I have a question about the use of a logical expression in combination with a variable.
Imagine that I have a data frame with multiple rows that each contain a date saved as 2021-09-25T06:04:35:689Z
.
I also have a variable that contains the date of yesterday as '2021-09-24' - yesterday <- Sys.Date()-1
.
How do I filter the rows in my data frame based on the date of yesterday which is stored in the variable 'yesterday'?

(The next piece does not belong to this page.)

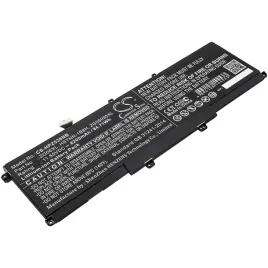 bateria-zamienna-do-hp-zbook-studio-g5-5cn10pa-zg06xl-8200-mah-li-ion-11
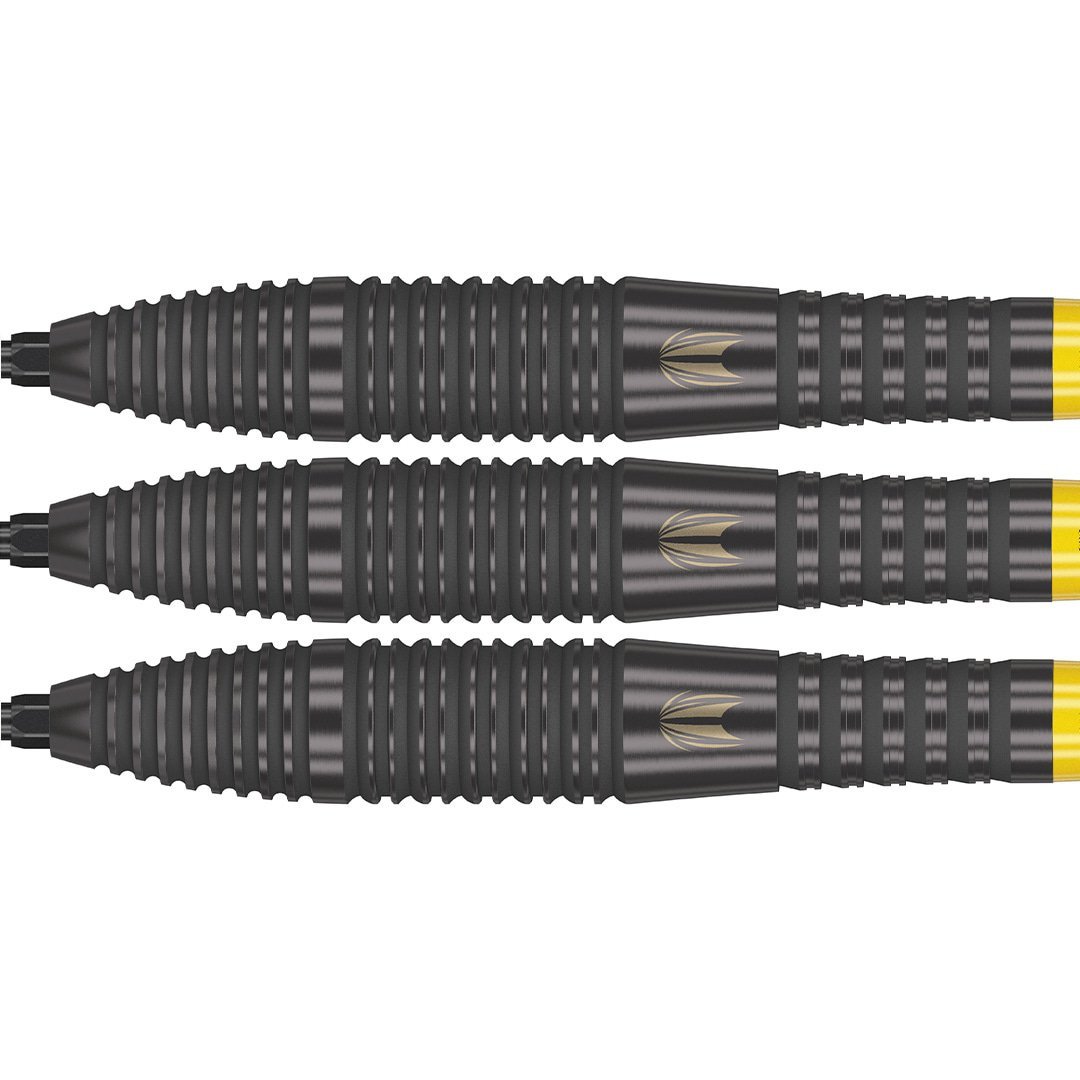 Target Bolide Void 05 90% 24gr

To solve my problem, I have looked at multiple posts, for example:
I am well aware that this question might be a duplicate. However, current questions do not provide me with the help that I need help. I hope that one of you can help me.

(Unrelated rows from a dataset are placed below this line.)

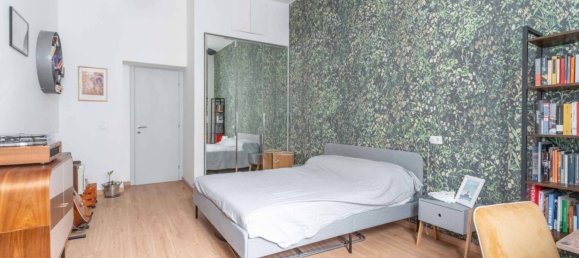 1 bedroom Apartment in Milan, Italy No. 327563 11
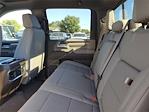 New 2026 GMC Sierra 2500 SLT Crew Cab 4WD Pickup for sale #T0841 - photo 11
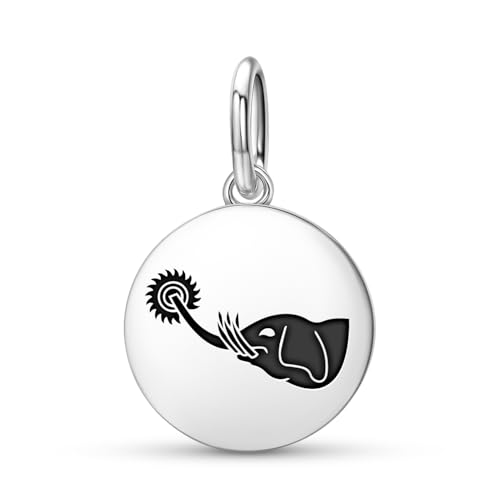 ���� Airavarta ? 6�̉�̂����925�X�^�[�����O�V���o�[�g�[�e���V���{���G���u�����_���O���y���_���g�`���[���r�[�Y�X�s���`���A���V�M��DIY�W���G���[�I���W�i���`���[���u���X���b�g�ƌ݊�������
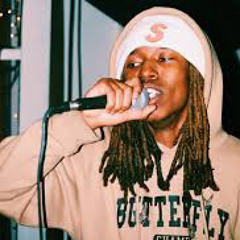 2 minute bars*mavi only*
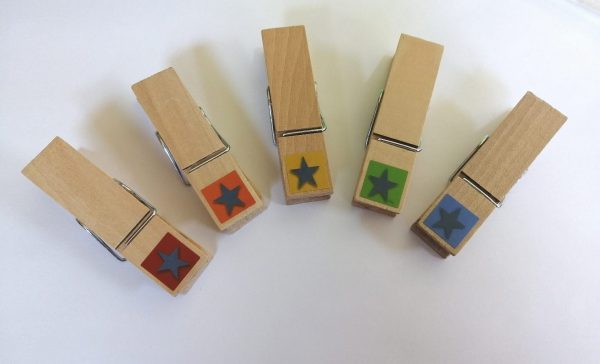 Fine motor Fun phonics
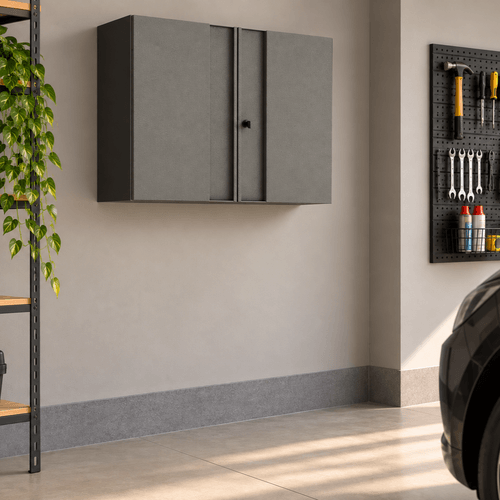 Linha Multibox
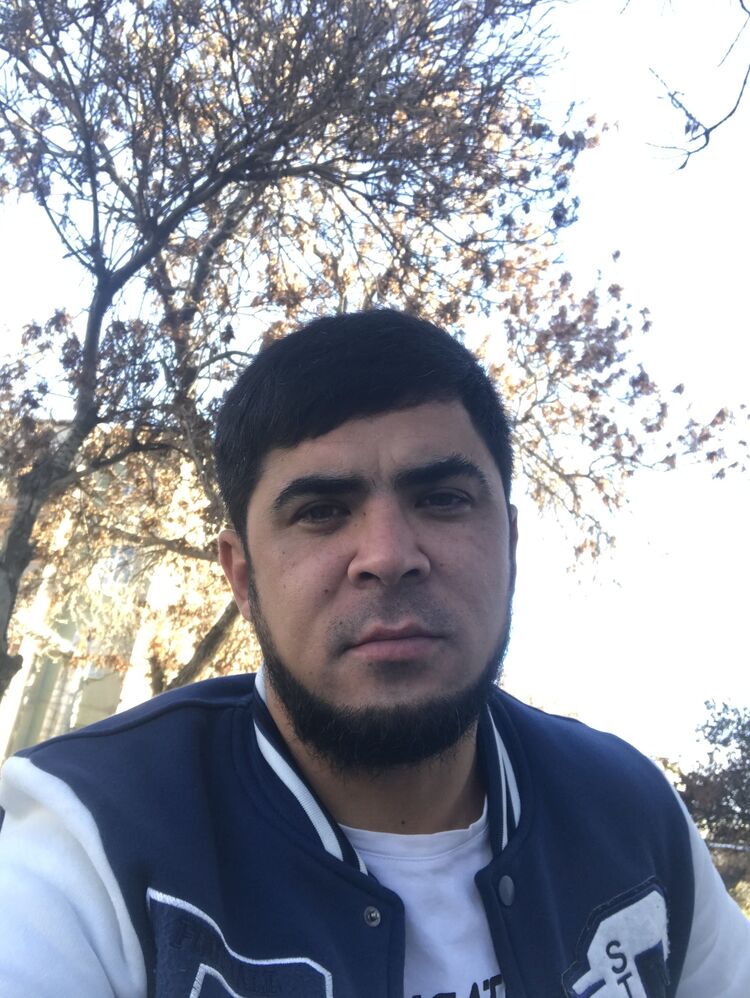 ���� 39601335 ������� �����, 35 ���, ���� ���������� � ���������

CodePudding user response:
As an initial matter, it looks like you have a vector instead of a data frame (only one column). If you really do have a data frame and only ran str() on one column, the very similar technique at the end will work for you.
The first thing to know is that your dates are stored as character strings, while your yesterday object is in the Date format. R will not let you compare objects of different types, so you need to convert at least one of the two objects.
I suggest converting both to the POSIXct format so that you do not lose any information in your dates column but can still compare it to yesterday. Make sure to set the timezone to the same as your system time (mine is "America/New_York").
Dates <- c("2021-09-09T06:04:35.689Z", "2021-09-09T06:04:35.690Z", "2021-09-09T06:04:35.260Z", "2021-09-24T06:04:35.260Z")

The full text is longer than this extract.